Walter Burley Griffin is “probably one of the most important landscape architects you’ve never heard of,” said Christopher Vernon, associate professor in the School of Architecture, Landscape, and Visual Arts at the University of Western Australia.
Griffin designed the landscape for the Martin House Complex here in Buffalo. He took on many other successful and prestigious projects as well, including designing the entire city of Canberra, the capital of Australia.
Despite his accomplishments, Griffin doesn’t have the reputation in the United States that he deserves, Vernon contends.
Vernon will discuss Griffin’s work in a talk at 6:30 p.m. Tuesday, June 18 in the Greatbatch Pavilion at the Martin House complex, 125 Jewett Parkway, Buffalo.

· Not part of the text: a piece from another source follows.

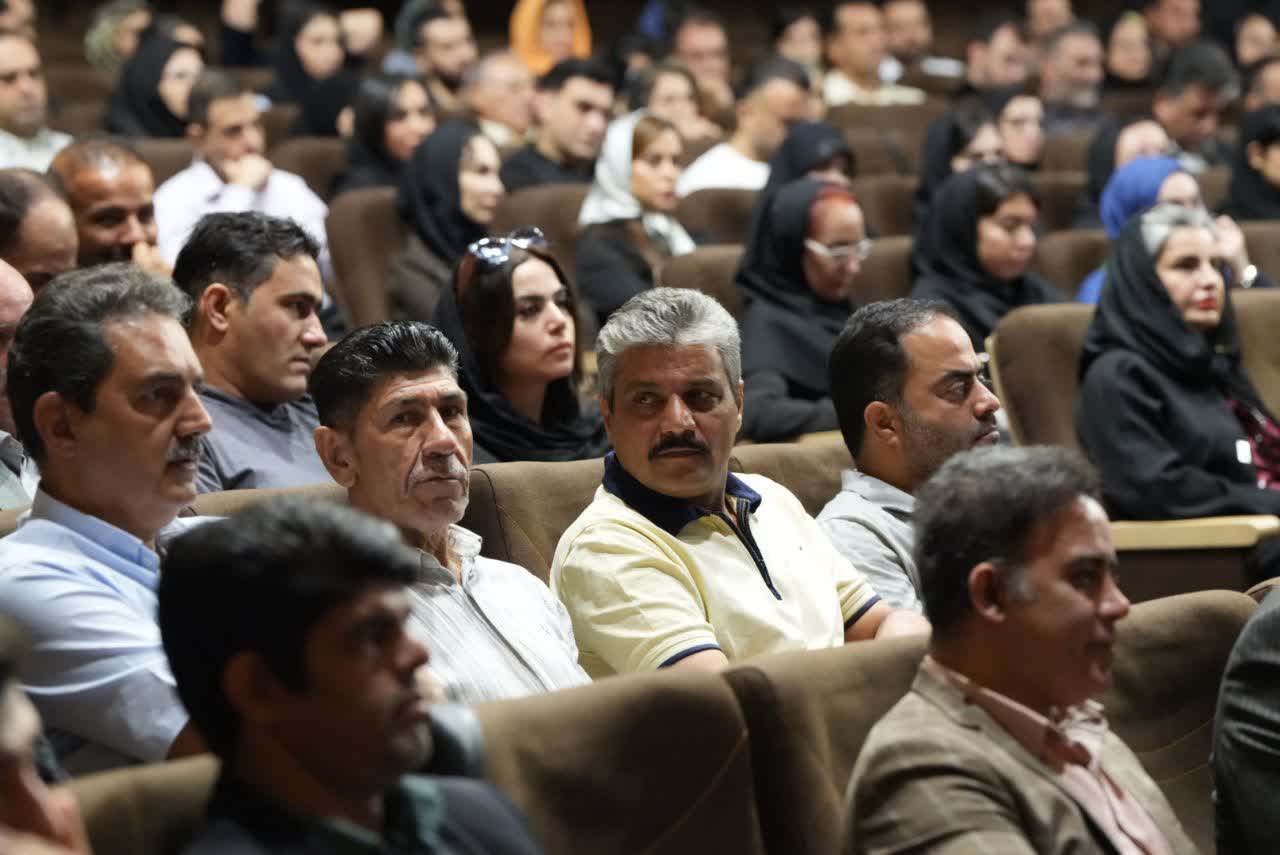  تأکید بر حمایت قانونی از باشگاه‌ها+تصاویر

Tickets are $20 for Martin House members and $25 for nonmembers. To reserve tickets, go online or call 856-3858.
Griffin was born in 1876 and raised in the Chicago area. As a teenager, he attended the 1893 Chicago world’s fair, which was a pivotal experience for him. The World’s Columbian Exposition, as it was known, was a designed city (though a temporary one). Visiting the fair, he realized he was interested in designing not just buildings, but the whole package, so to speak, including landscape, Vernon said in a telephone interview from Australia.
Griffin worked with architect Frank Lloyd Wright in Chicago from 1901-05. Both men wanted integration between the architecture and landscape. Griffin’s design for the Martin House Complex was his most elaborate garden while working for Wright.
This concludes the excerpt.